The most time consuming step in stage II is when we compute and accumulate the product of difference of the x coordinates (in projective form, in which I am working, it is x1*z2 - x2*z1). This step involves a lot of modular reductions, and hence a lot if inversions and divisions. The efforts put into the new implementation of stage II would definitely be helpful when I write stage II using mpn's and precomputed inverses.
I had to write a new outer function too since the newer version had different pre computations than the older one.

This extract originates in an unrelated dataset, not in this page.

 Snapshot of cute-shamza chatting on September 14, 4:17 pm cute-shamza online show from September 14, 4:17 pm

Some pieces of code written this week
This week apart from the new ECM stage II, I also spent time on cleaning up the way variables were being passed. I wrapped up most of the important variables in an ecm structure, passing a reference to it as an argument to the functions instead of a lot of variables. This struct also has four fmpz_t's for temporary calculations, which eliminate the need of initing and clearing new fmpz_t's in every
ecm_mul(). This struct also allows me to precompute the
GCD_table (looks up whether
i and j are co-prime) and
prime_table (looks up whether
i * k + j is prime) for all curves instead of computing them each time for a curve.
You can have a look at my recent commits here.

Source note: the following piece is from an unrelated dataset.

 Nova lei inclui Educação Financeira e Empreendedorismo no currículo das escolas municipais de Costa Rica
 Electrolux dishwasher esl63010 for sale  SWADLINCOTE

Currently I am trying to understand the FFT techniques used for ECM stage II. I found quite a lot of citations to the Ph.D. dissertation thesis of Peter Montgomery, which was on this topic. Initially I couldn't find it, but some helpful people on the flint-devel mailing list pointed gave me the link. It is very interesting due to the the math involved, but at the same time quite tough to follow.
This week I wasn't able to give in as much time I would have liked. I usually work on all 7 days on the project, however this weekend I wasn't available due to a hackathon I was attending. I will pick up the speed this week. My goals for this week is to implement the FFT stage II and start to code the whole ECM with the mpn data types and functions.